George Braque et le cubisme

Le père du cubisme

Les  trois périodes cubistes que distingue l’historien de l’art ont été initiées et développées par Georges Braque : le cubisme cézannien (1907-1909), analytique (1909-1912) et synthétique (1912-1922).

Post-impressionniste puis fauve, Braque n’adhère plus à la contingence de l’un ni à la manière décorative de l’autre. Les toiles de Cézanne exposées au Grand Palais lors de la rétrospective de 1907 sont pour lui une révélation : Cézanne a cherché et inventé un langage pictural. Dans ses pas, Braque se rend dans le Midi auprès des motifs du Maître. Il en revient avec des paysages de l’Estaque et de la Ciotat surprenants : il garde de Cézanne la géométrisation du modèle et conserve les « passages », continuité d’une surface à une autre, afin de créer la sensation de « tourner autour » de l’objet représenté. Mais il souhaite aller au bout des conséquences de la vision de Cézanne.  Dans ses tableaux Maisons à L’Estaque (1908), il simplifie les volumes des maisons, néglige le détail en enlevant portes et fenêtres : c’est le rythme plastique qui construit le tableau. Le Grand Nu, chef d’œuvre de la période, peut être considéré comme la première œuvre du cubisme cézannien.

La systématisation et l’approfondissement des découvertes de Braque ouvrent la porte ducubisme analytique.
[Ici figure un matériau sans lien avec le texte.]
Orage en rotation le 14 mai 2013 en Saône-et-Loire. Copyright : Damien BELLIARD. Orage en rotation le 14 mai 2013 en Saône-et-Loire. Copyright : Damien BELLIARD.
A partir de 1909, sa peinture devient plus cérébrale que sensuelle. Le motif est recréé dans la bidimensionalité de la toile, en écartant toute perspective illusionniste. Dans Nature morte au violon, les objets sont analysés en facettes, selon leurs éléments caractéristiques, chaque facette renvoyant à un point  de vue particulier de l’objet. Il y a donc autant de facettes que de points de vue choisis : le tableau rend compte de la connaissance de l’objet et de l’ubiquité du regard. Par ailleurs, Braque est à la recherche de l’essence des objets du monde non de leur contingence, ce qui explique l’absence de source de lumière et l’utilisation de couleurs éteintes (gris, ocres), aspects contingents de l’objet. Mais la logique formelle a multiplié les facettes, effacé toute anecdote à l’objet et, finalement, mené sa peinture vers un hermétisme de plus en plus marqué, à la limite de l’abstraction (voir la série des Château de la Roche-Guyon).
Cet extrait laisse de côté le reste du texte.